The lines in the listing below are to be given again exactly, starting at the line holding "Sıvı Hava Filtresi" and ending at the line holding "Pilot Rexgrip Retractable". Do not include pictures.
== DATA RECORDS
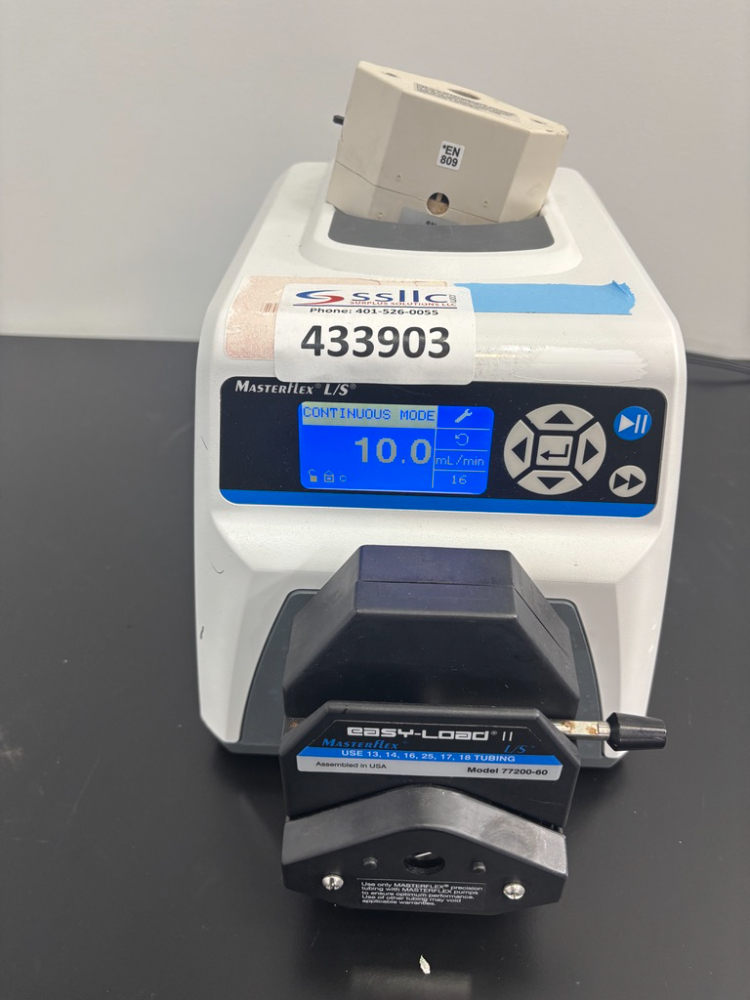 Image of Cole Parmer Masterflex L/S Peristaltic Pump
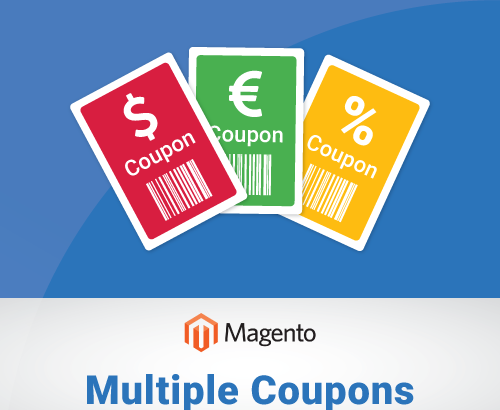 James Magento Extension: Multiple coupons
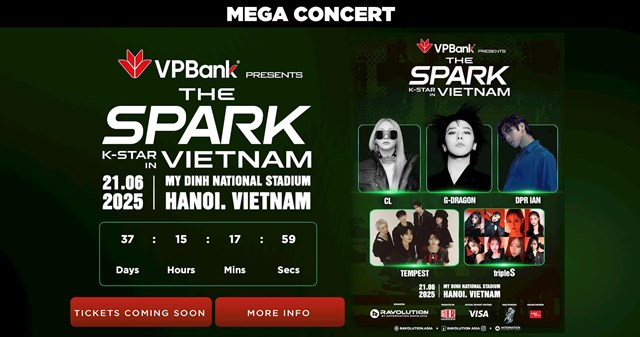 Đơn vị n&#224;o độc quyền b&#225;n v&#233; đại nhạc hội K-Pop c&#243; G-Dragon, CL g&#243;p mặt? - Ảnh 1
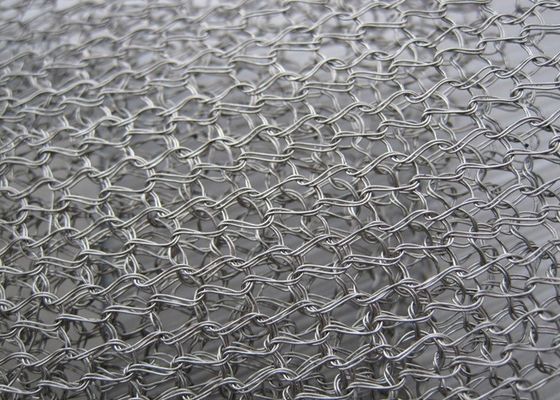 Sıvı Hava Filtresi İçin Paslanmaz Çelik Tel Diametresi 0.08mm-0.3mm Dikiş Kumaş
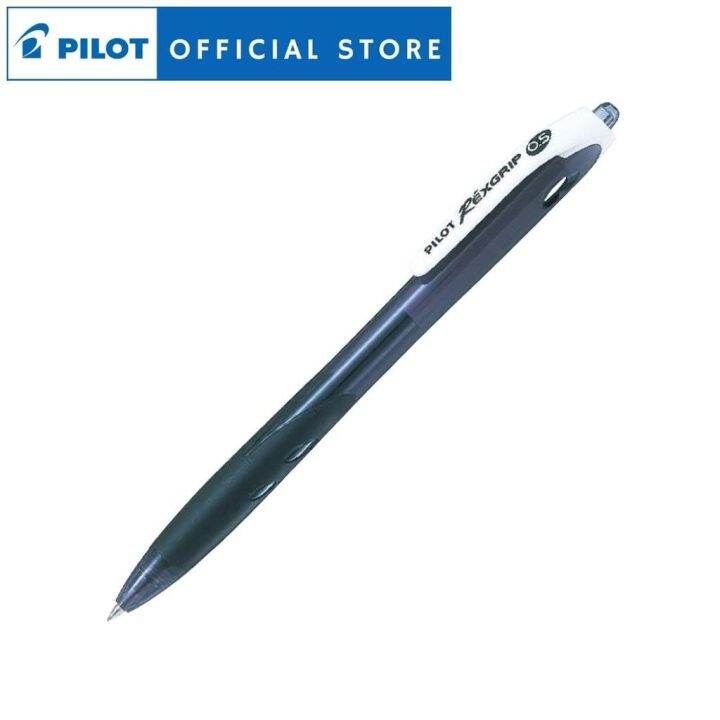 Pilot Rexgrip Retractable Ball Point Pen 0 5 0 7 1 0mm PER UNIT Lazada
====
== DATA RECORDS
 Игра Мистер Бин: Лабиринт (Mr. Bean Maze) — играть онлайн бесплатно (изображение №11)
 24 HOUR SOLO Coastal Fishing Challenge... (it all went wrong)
====
◆ RESPONSE TO THIS TASK
 Sıvı Hava Filtresi İçin Paslanmaz Çelik Tel Diametresi 0.08mm-0.3mm Dikiş Kumaş
 Pilot Rexgrip Retractable Ball Point Pen 0 5 0 7 1 0mm PER UNIT Lazada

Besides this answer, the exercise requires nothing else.